[Exercise inputs Boundary: Start]

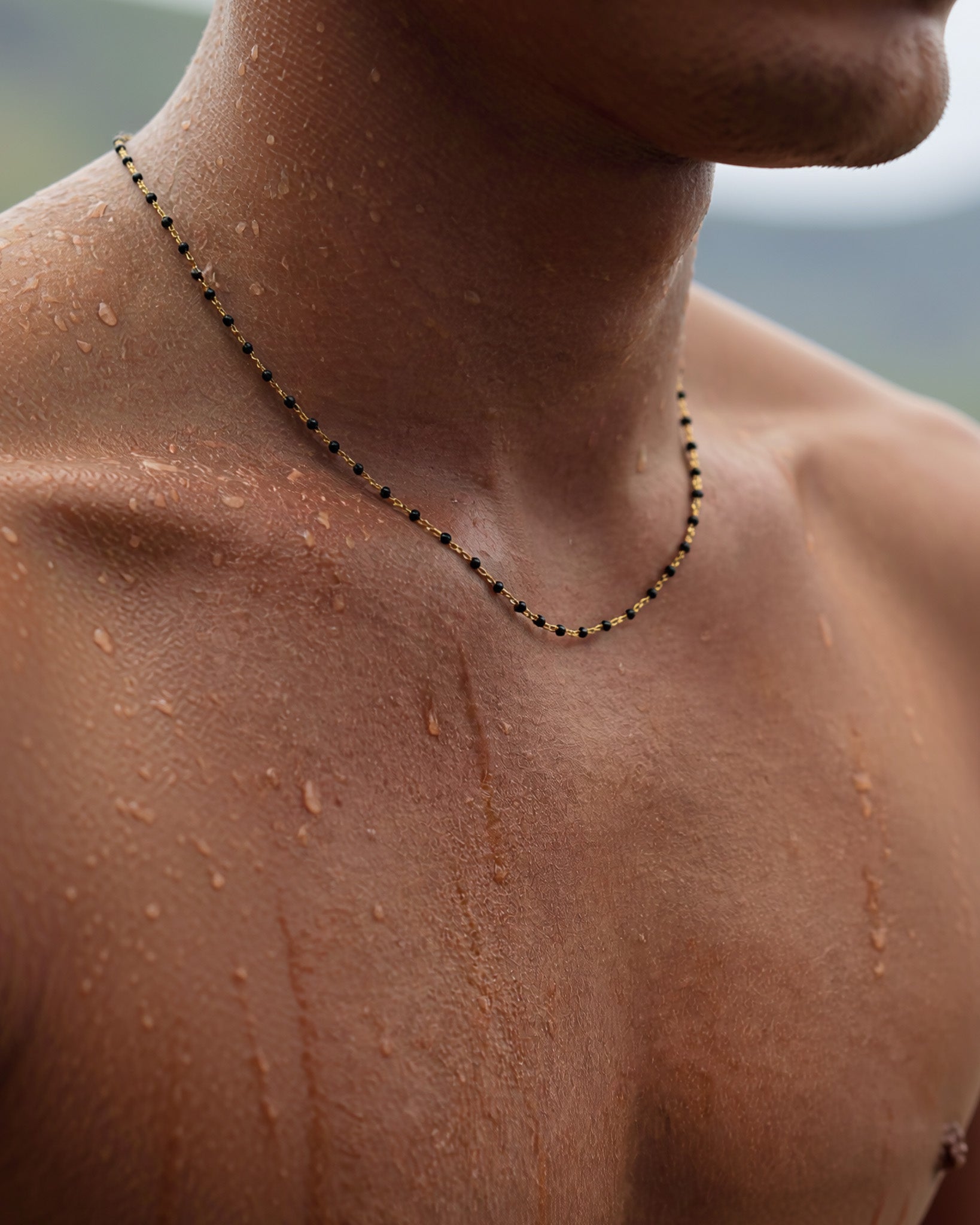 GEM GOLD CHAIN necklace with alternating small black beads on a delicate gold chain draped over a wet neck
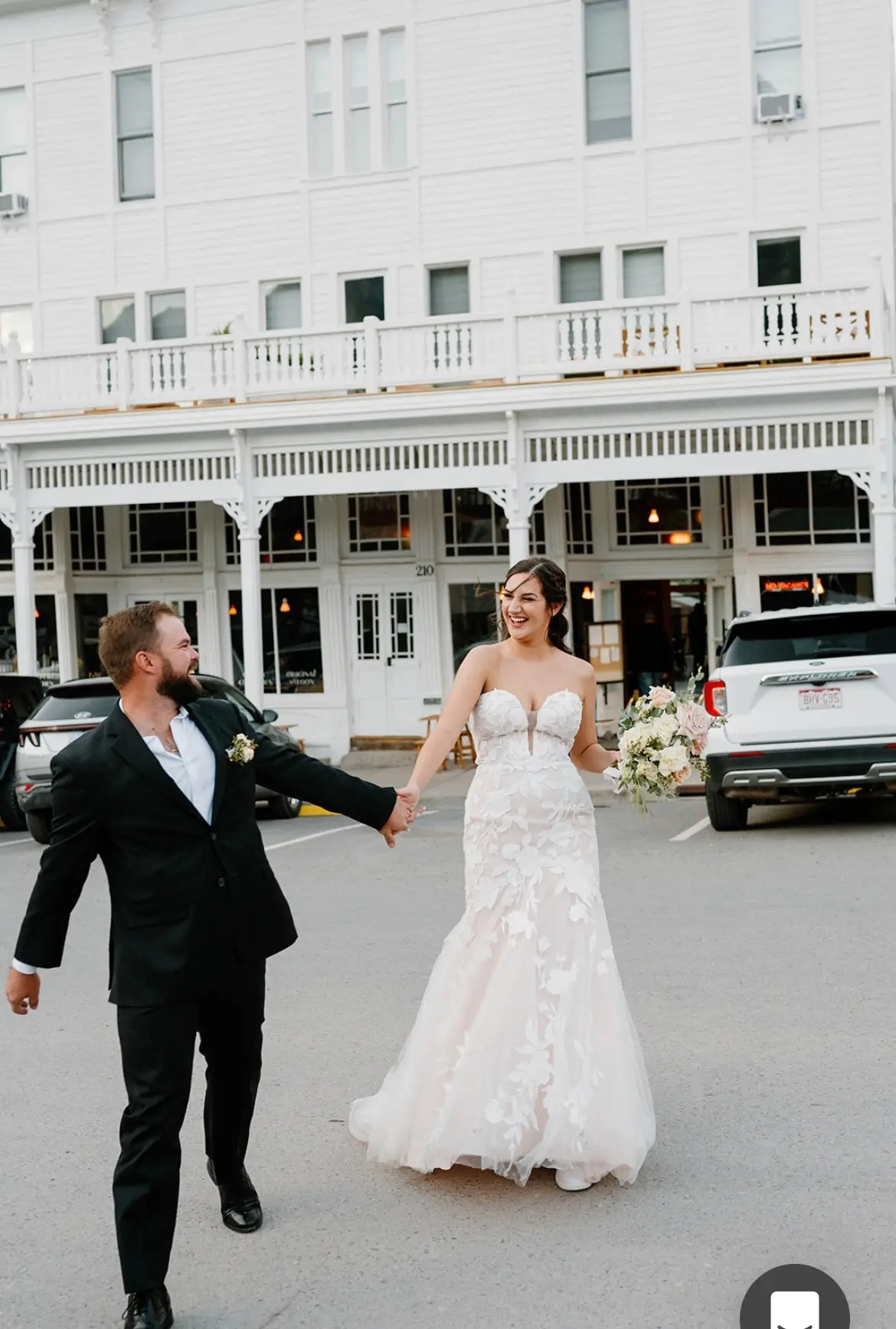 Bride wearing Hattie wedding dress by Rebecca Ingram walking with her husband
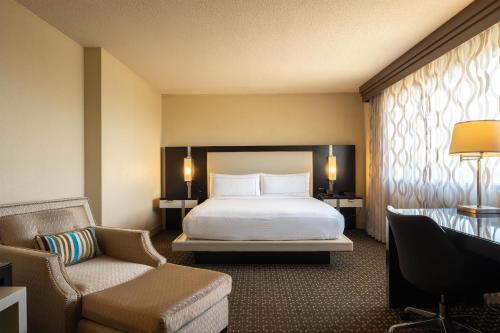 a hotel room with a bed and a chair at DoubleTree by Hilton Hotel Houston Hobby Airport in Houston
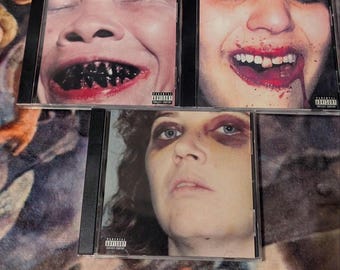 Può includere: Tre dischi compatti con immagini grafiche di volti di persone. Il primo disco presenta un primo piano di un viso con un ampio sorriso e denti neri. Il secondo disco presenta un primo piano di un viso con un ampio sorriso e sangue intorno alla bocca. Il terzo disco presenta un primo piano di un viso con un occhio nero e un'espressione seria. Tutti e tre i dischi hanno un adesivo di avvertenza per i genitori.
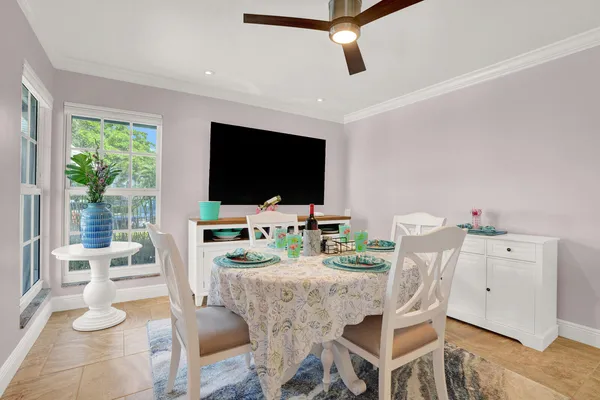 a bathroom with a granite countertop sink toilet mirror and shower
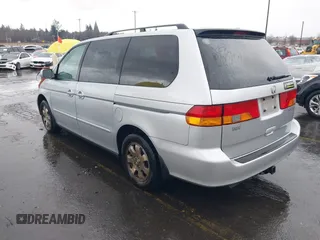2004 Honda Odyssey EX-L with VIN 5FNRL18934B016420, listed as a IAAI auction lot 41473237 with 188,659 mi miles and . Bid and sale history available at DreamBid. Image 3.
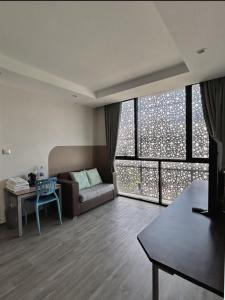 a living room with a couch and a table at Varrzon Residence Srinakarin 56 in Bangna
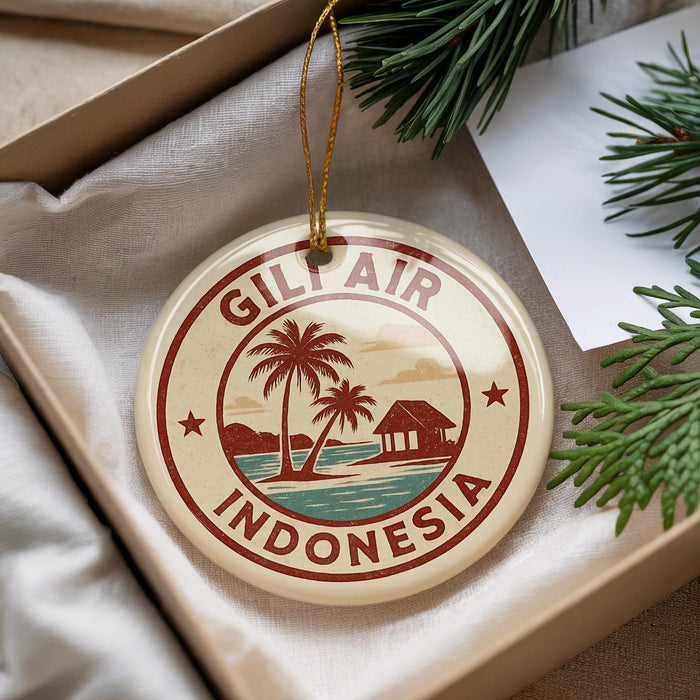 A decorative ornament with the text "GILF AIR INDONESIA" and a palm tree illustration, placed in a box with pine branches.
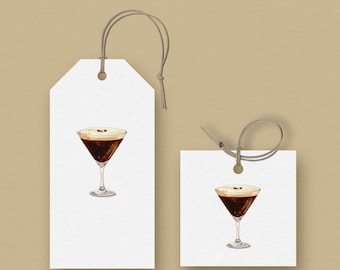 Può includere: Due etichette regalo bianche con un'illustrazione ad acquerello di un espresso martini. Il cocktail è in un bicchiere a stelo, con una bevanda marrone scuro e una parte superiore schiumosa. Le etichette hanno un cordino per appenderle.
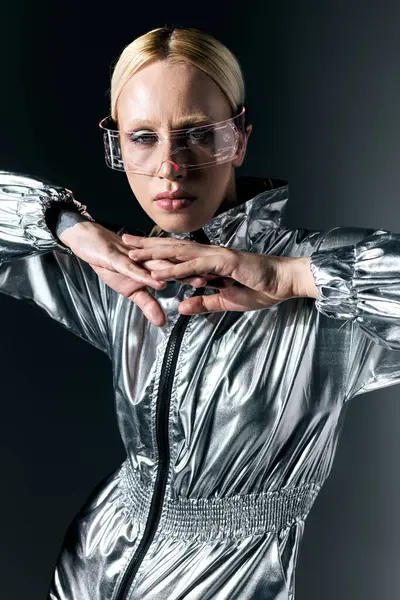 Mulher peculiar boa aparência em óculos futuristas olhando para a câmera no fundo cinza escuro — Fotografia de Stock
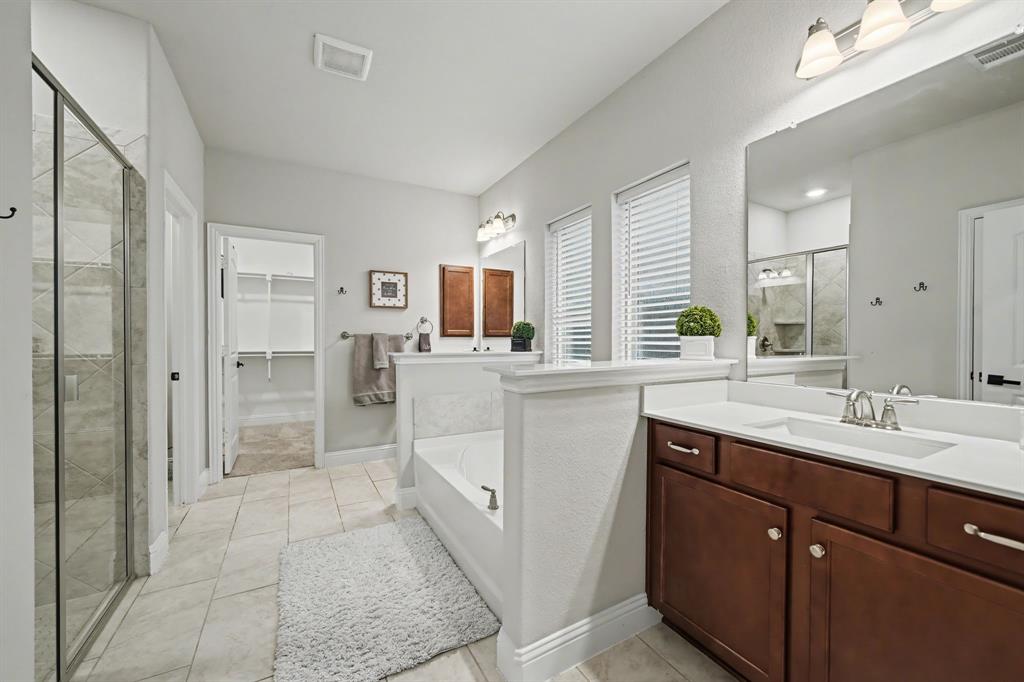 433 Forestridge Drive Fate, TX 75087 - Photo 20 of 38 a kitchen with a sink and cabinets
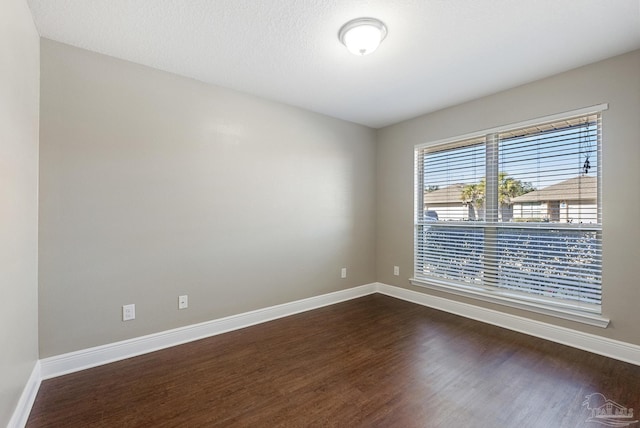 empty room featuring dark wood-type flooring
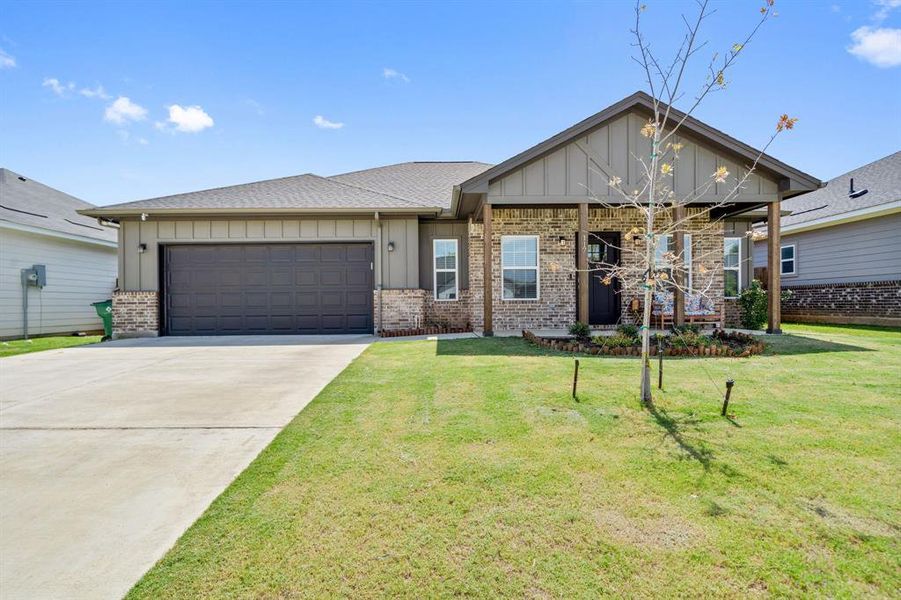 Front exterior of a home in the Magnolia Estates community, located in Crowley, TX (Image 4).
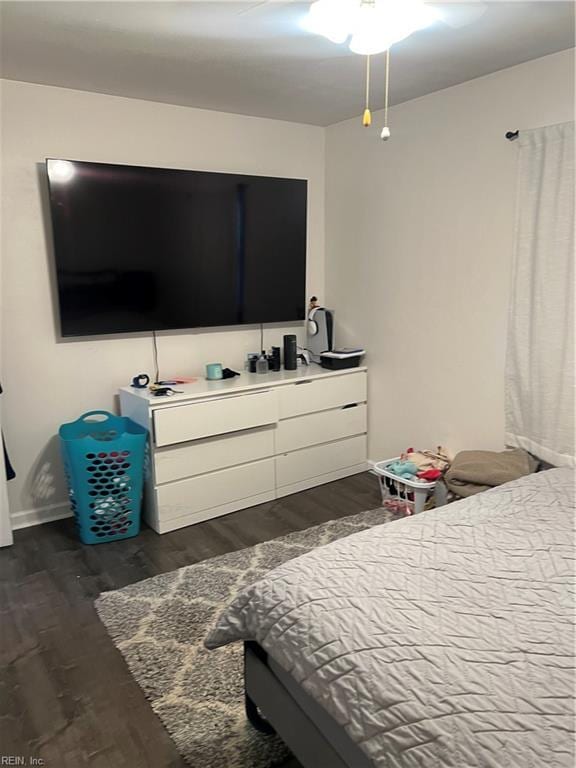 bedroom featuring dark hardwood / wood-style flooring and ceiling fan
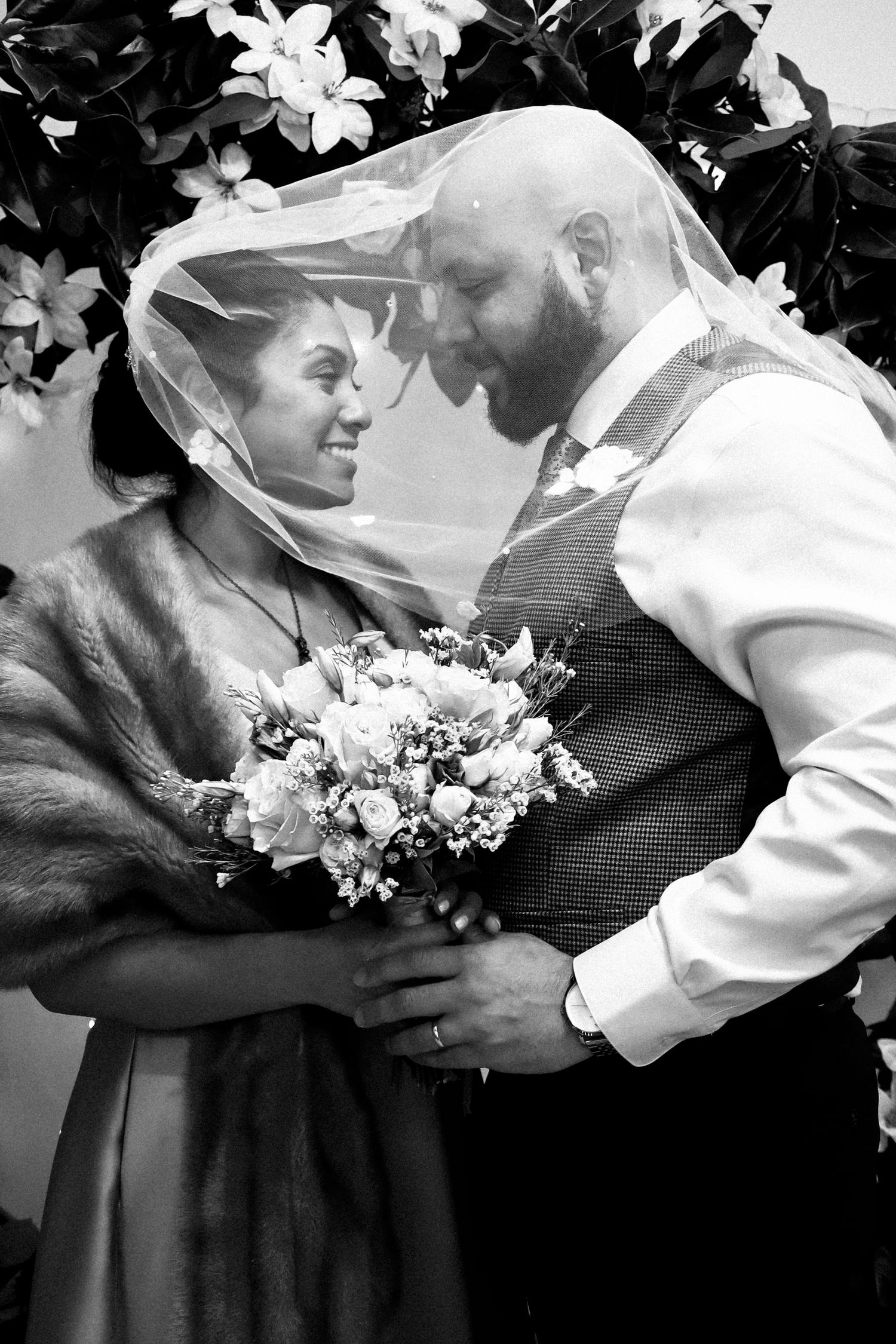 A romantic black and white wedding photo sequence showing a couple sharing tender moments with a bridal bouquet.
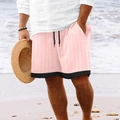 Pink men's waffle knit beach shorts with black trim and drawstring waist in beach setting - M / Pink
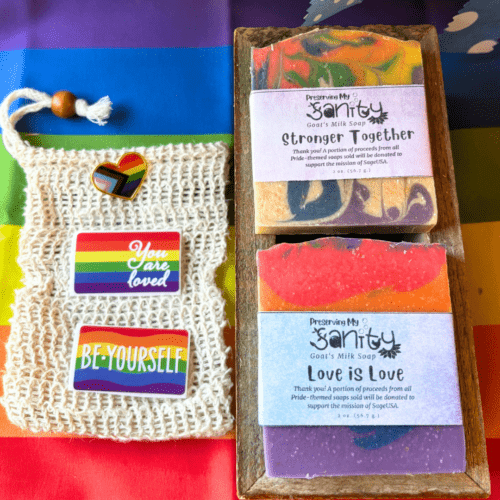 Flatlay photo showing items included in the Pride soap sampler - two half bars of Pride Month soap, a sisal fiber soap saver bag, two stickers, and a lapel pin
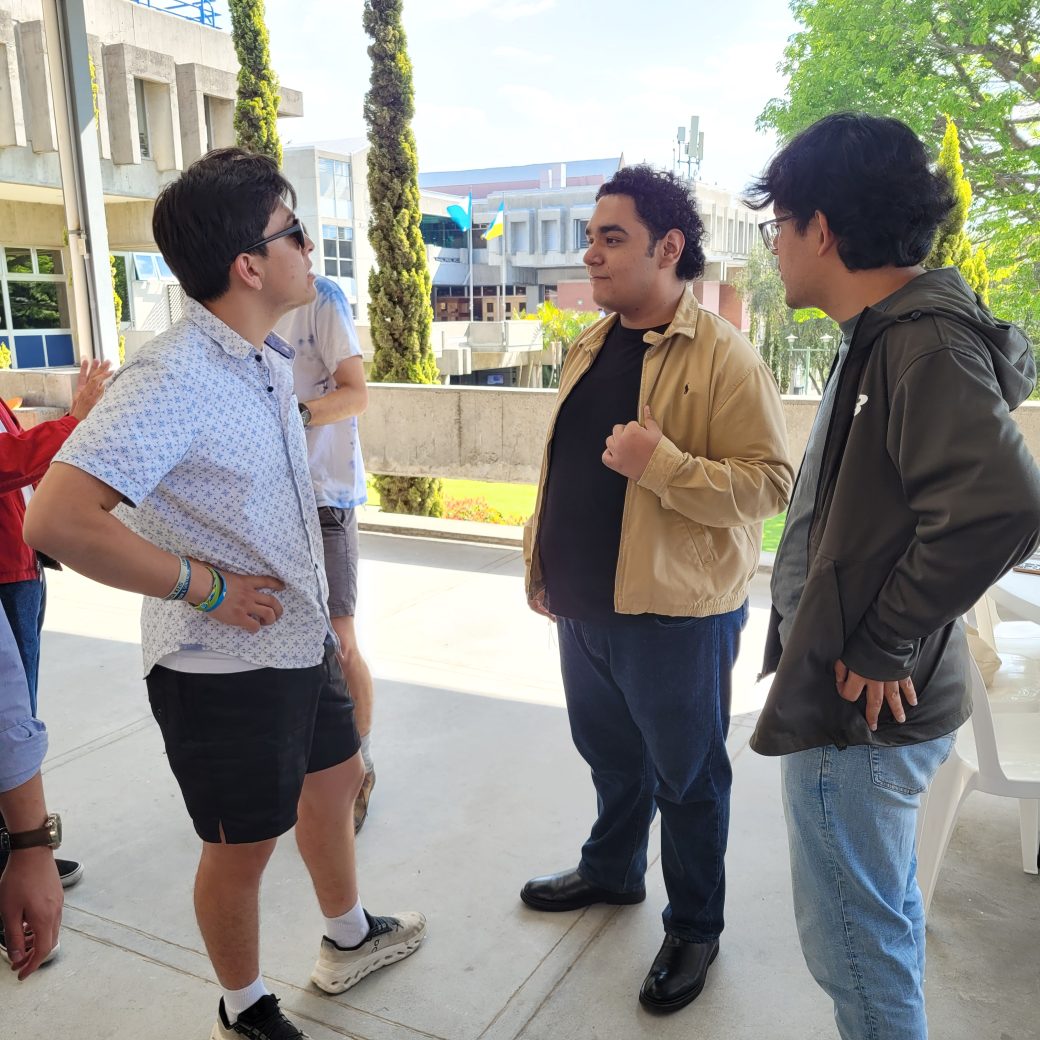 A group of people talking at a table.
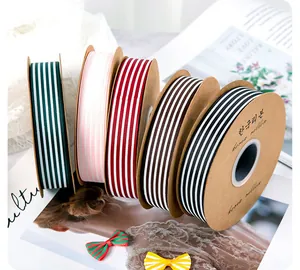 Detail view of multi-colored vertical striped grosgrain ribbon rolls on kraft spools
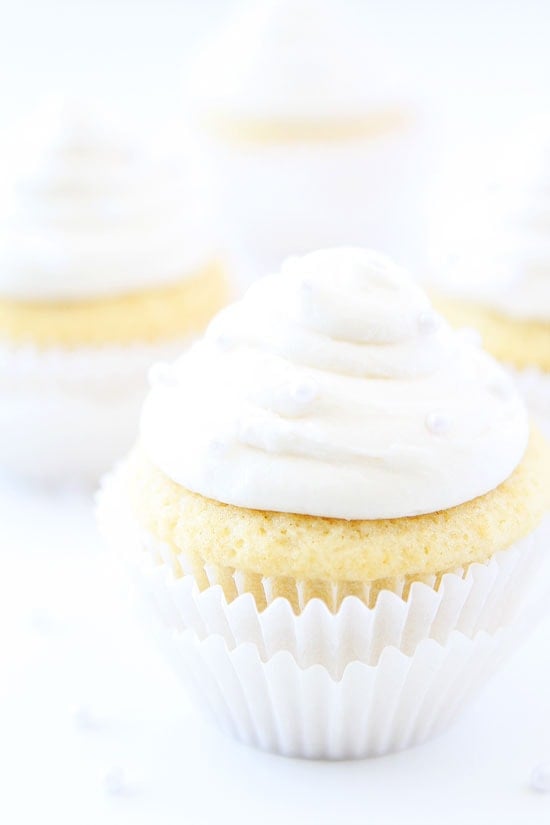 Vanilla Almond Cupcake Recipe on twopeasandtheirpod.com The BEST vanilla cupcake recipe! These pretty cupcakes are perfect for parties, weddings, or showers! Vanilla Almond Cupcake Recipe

[Exercise inputs Boundary: End]

Please retype the entries above word for word, but only from the line containing "empty room featuring dark wood-type flooring" through the last line, and without the pictures.

 empty room featuring dark wood-type flooring
 Front exterior of a home in the Magnolia Estates community, located in Crowley, TX (Image 4).
 bedroom featuring dark hardwood / wood-style flooring and ceiling fan
 A romantic black and white wedding photo sequence showing a couple sharing tender moments with a bridal bouquet.
 Pink men's waffle knit beach shorts with black trim and drawstring waist in beach setting - M / Pink
 Flatlay photo showing items included in the Pride soap sampler - two half bars of Pride Month soap, a sisal fiber soap saver bag, two stickers, and a lapel pin
 A group of people talking at a table.
 Detail view of multi-colored vertical striped grosgrain ribbon rolls on kraft spools
 Vanilla Almond Cupcake Recipe on twopeasandtheirpod.com The BEST vanilla cupcake recipe! These pretty cupcakes are perfect for parties, weddings, or showers! Vanilla Almond Cupcake Recipe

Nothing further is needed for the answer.